TRANS MOUNTAIN PIPELINE
Leader Justin Trudeau made a bargain on the environment and the economy: Cancel the Northern Gateway oil pipeline, approve the Trans Mountain expansion, create a national carbon tax and get concessions from Alberta, including phasing out coal energy and capping oilsands emissions. In 2018, Trudeau bought Trans Mountain for $4.5 billion. A second approval for pipeline expansion was given in June. Said Trudeau: "We need to create wealth today so we can invest in the future.”
Leader Andrew Scheer supports
the Trans Mountain expansion. But more is needed to encourage oil and gas projects, say Conservatives. That includes repealing the carbon tax and Bill C-69, which overhauled federal environmental assessments of major construction projects, and ending the ban on shipping oil on the B.C. north coast. Scheer would use federal powers to declare a major project in the national interest. Criticizing the Liberal approach, Scheer said: “Not a single inch of new pipeline has been laid.”
Leader Jagmeet Singh wants
the Trans Mountain expansion abandoned, saying it will undermine efforts to fight climate change. The NDP also worry about ocean spill risks. Approval of the project ignores violations of Indigenous rights, says the party. In criticizing Liberal approval of the project, Singh said: “While they’re great with symbolic gestures like voting for a climate change emergency, they do the opposite of helping the environment the very next day with the approval of this pipeline expansion.”

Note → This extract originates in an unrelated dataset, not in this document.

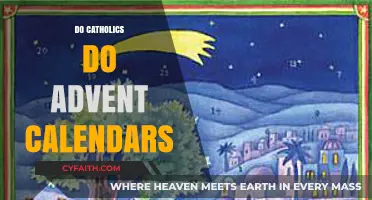 Do Catholics Use Advent Calendars? Exploring Traditions and Practices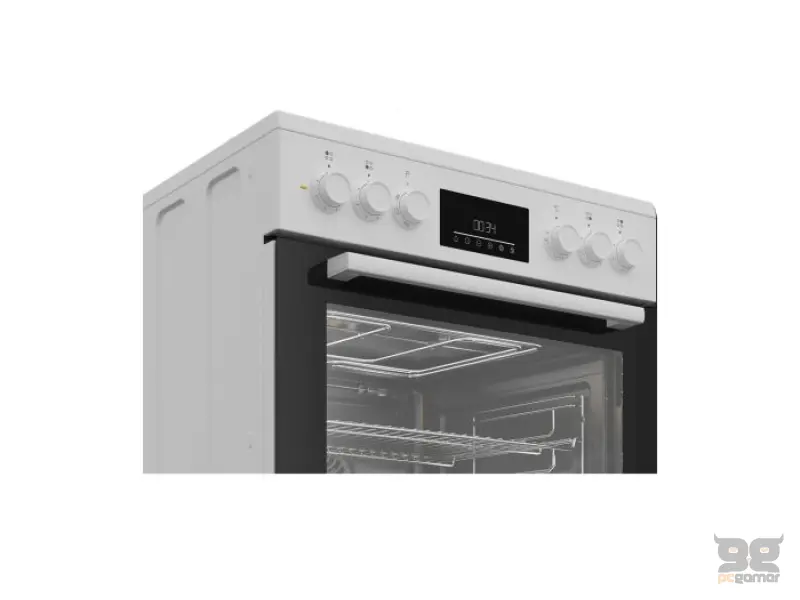 Beko FBM67300WDS električni šporet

Leader Elizabeth May was arrested in Burnaby in 2018 for protesting the Trans Mountain expansion. “The commitment to build a pipeline in 2018, when we are in climate crisis, is a crime against future generations and I will not be part of it,” said May. The Greens would cancel the project. The party would cut subsidies to fossil fuel industries of several billion dollars a year and would redirect the money toward a transition to renewable energy.